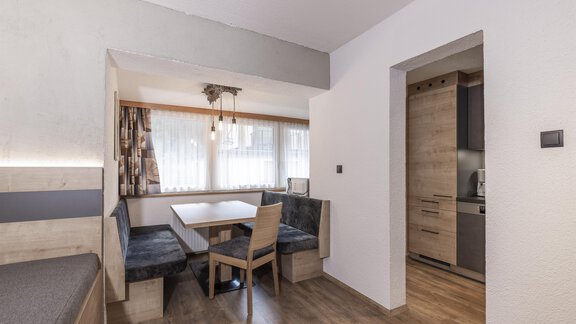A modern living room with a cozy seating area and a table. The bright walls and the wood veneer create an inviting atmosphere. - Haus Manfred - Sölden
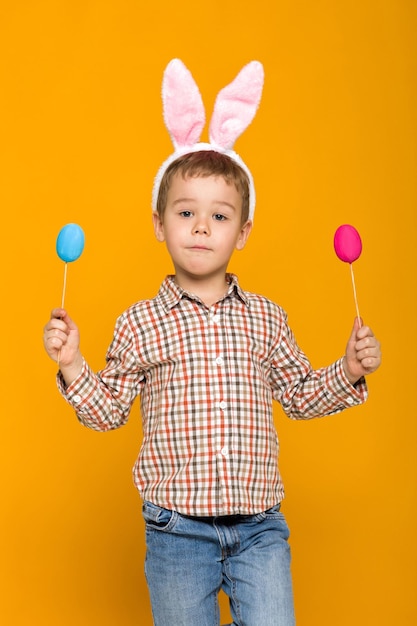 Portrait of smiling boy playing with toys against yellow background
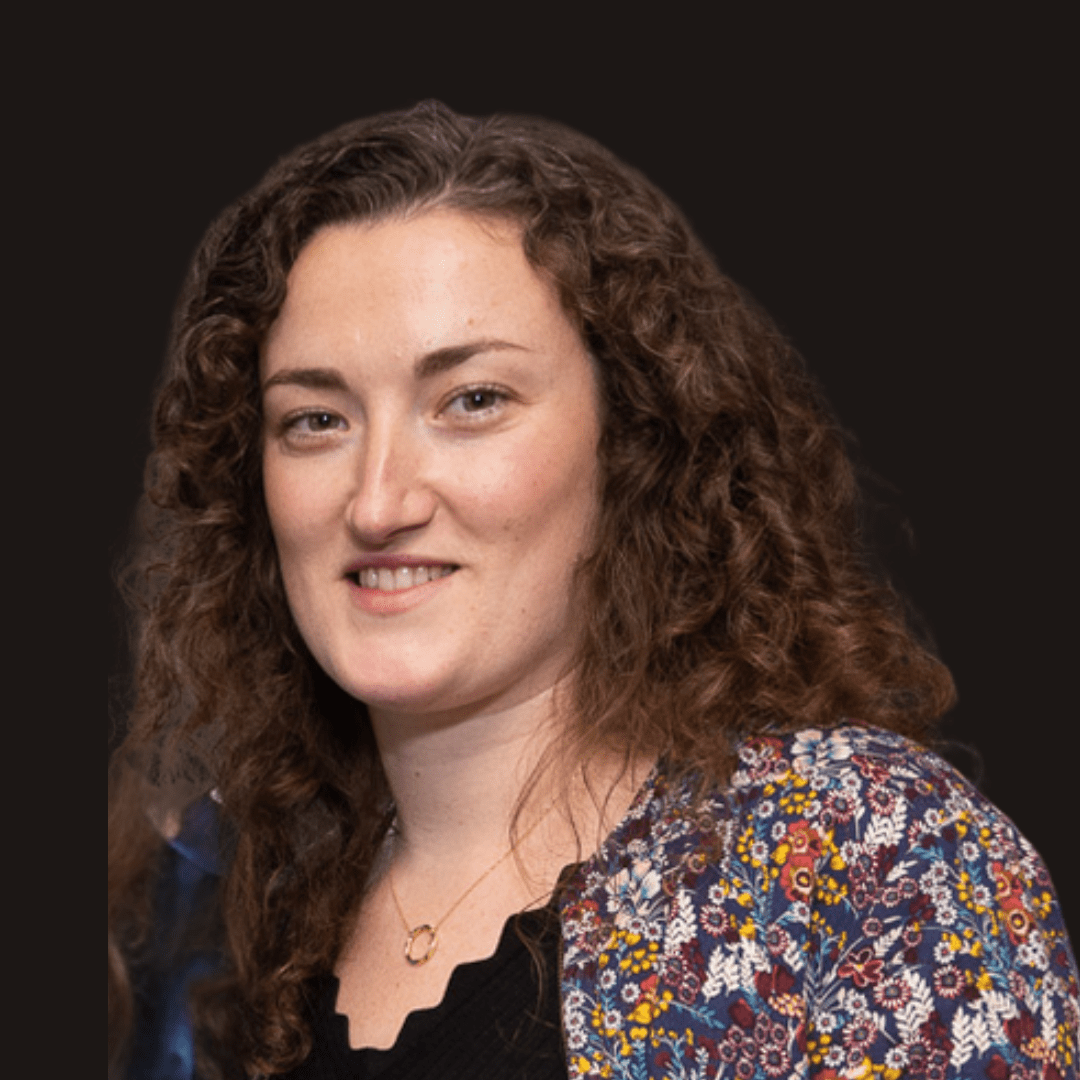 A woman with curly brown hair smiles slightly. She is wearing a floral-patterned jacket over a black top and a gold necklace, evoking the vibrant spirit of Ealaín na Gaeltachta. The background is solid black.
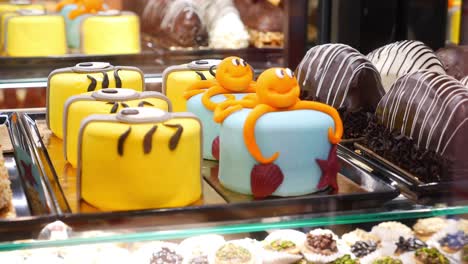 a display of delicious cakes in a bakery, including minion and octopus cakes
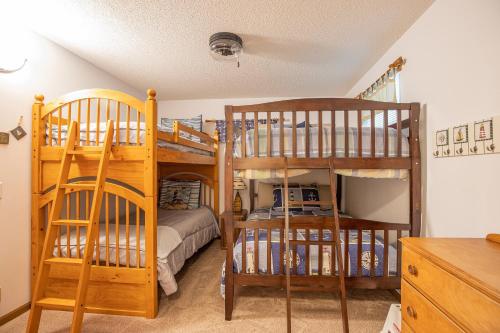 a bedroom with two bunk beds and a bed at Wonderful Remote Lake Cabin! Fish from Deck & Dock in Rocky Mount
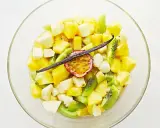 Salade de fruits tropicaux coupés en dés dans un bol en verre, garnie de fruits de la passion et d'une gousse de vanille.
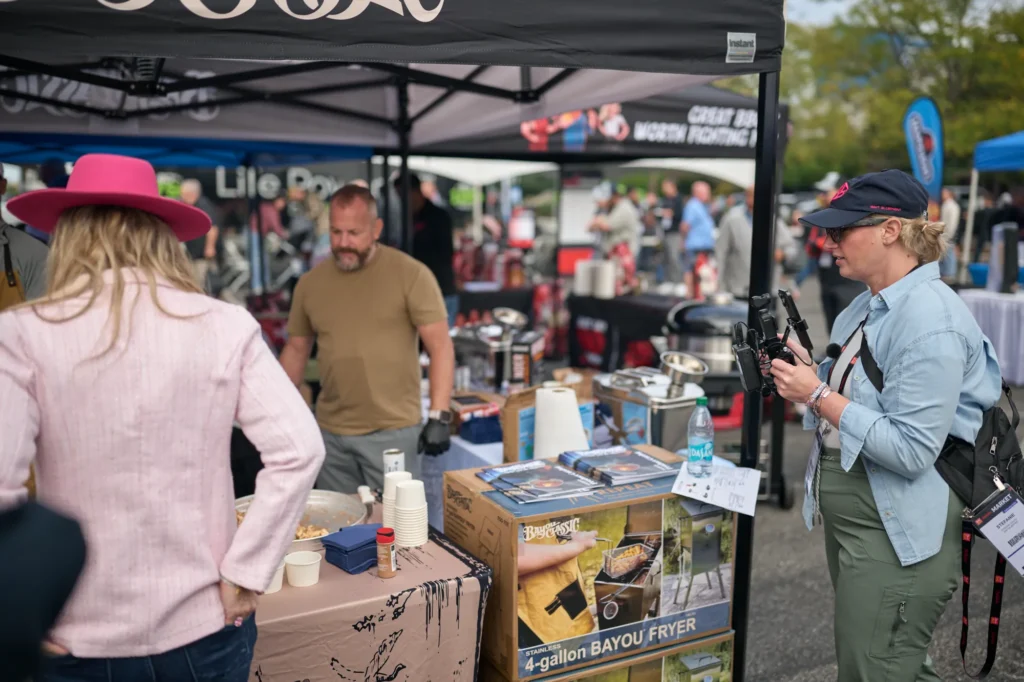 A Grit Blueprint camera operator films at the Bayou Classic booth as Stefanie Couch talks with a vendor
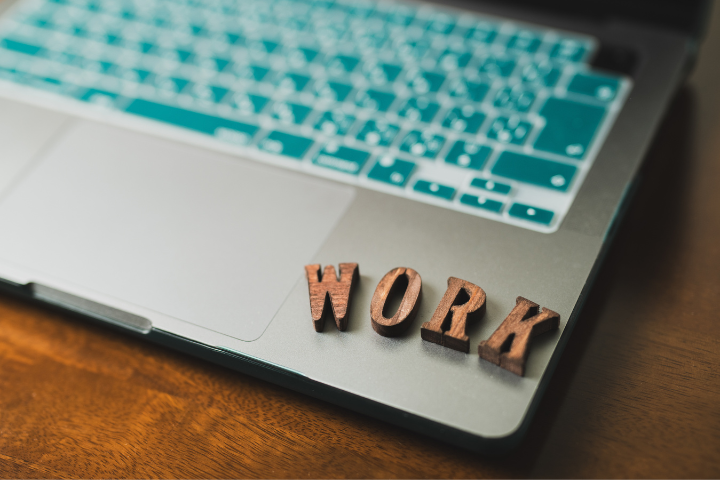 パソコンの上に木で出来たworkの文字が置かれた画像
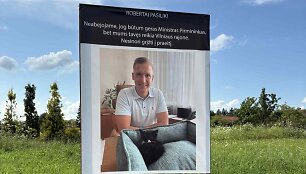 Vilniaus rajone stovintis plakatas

□ □ □ □ □

Exercise details:
Return the lines from the one containing "a display of" through the last line of the records, both included, exactly as written and with no pictures.

Exercise response:
 a display of delicious cakes in a bakery, including minion and octopus cakes
 a bedroom with two bunk beds and a bed at Wonderful Remote Lake Cabin! Fish from Deck & Dock in Rocky Mount
 Salade de fruits tropicaux coupés en dés dans un bol en verre, garnie de fruits de la passion et d'une gousse de vanille.
 A Grit Blueprint camera operator films at the Bayou Classic booth as Stefanie Couch talks with a vendor
 パソコンの上に木で出来たworkの文字が置かれた画像
 Vilniaus rajone stovintis plakatas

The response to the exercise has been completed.